The US dollar surged across the board on Wednesday on the more hawkish than
expected dot plot (the consensus was looking for no cuts or hikes this year). The
median dot showed one rate hike this year and some of those hawkish members
pencilled in multiple hikes. By projecting a rate hike, the Fed effectively
adopted a tightening bias in the short-term.

The market increased rate hike bets immediately with now 41 bps of
tightening priced in by year-end. There’s a 36% chance of a hike already in
July and 74% probability of a move in September.

The economic data and financial markets will now guide the Fed as Warsh
stated that “financial markets perform best when they react to incoming data
and are less efficient when they have to ask how the Federal Reserve will react
to the incoming data”. He added that “financial markets are the most important
source of information to guide the central bank”.

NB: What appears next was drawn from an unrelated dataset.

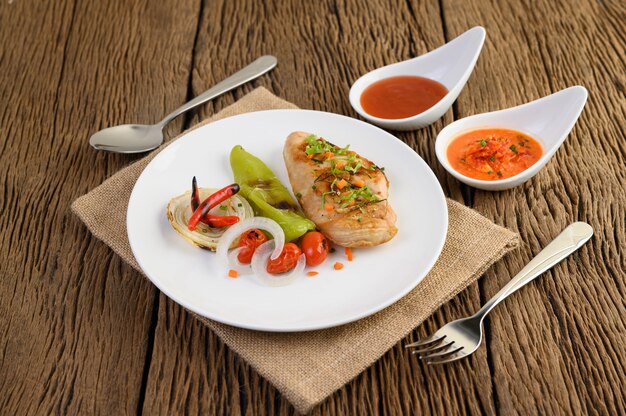 Poulet grillé sur une plaque blanche avec tomates, salade, oignon, piment et sauce.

Trump also posted on Truth Social and, unlike his usual stance under Fed
Chair Powell, did not object to the Fed’s decision. In fact, he said that “rate
hikes could happen,” which sounds like a green light for Warsh and the Fed to
do whatever they deem necessary. If the data says they need to hike, they will.

INR:

On the INR side, the
Rupee staged a strong relief rally since Trump’s deal announcement two weeks
ago as oil prices cratered on expectations of Hormuz reopening.

The bullish
momentum has waned in the final part of last week following the hawkish Fed
decision and some minor tensions in the Middle East as Israel continued to strike
Hezbollah in Southern Lebanon despite the ceasefire. The Strait of Hormuz was closed again in retaliation but the US-Iran talks in Switzerland seem to have already de-escalated the situation.

In the big
picture, the Indian Rupee remains on a bearish structural trend against the US dollar,
so the dip-buyers will likely look for opportunities around strong technical
levels to keep pushing the USD/INR pair into new highs.

USDINR TECHNICAL
ANALYSIS – DAILY TIMEFRAME

On the daily
chart, we can see that USDINR broke the upward trendline and extended the drop into new lows before
consolidating. We now have a downward trendline defining the bearish momentum.
If we get a pullback, we can expect the sellers to lean on the trendline with a
defined risk above it to keep pushing into new lows. The buyers, on the other
hand, will look for a break to pile in for a rally into the 96.00 handle next.

USDINR TECHNICAL
ANALYSIS – 4 HOUR TIMEFRAME

On the 4 hour
chart, we have a strong resistance zone around the 95.10 area. That will likely
be the first opportunity for the sellers to position for a drop into new lows
with a defined risk above the resistance. The buyers, on the other hand, will
look for a break to extend the pullback into the trendline.

USDINR TECHNICAL
ANALYSIS – 1 HOUR TIMEFRAME

On the 1 hour
chart, there’s not much we can add here as from a risk management perspective,
the sellers will have a better risk to reward setup around the resistance and
the trendline, while the buyers will need upside breaks to open the door for
new highs.

UPCOMING CATALYSTS

Tomorrow, we have the US
Flash PMIs. On Thursday, we get the US Jobless Claims data and the US PCE
report. On Friday, we conclude the week with the final University of Michigan
consumer sentiment survey.

This article was written by Giuseppe Dellamotta at investinglive.com.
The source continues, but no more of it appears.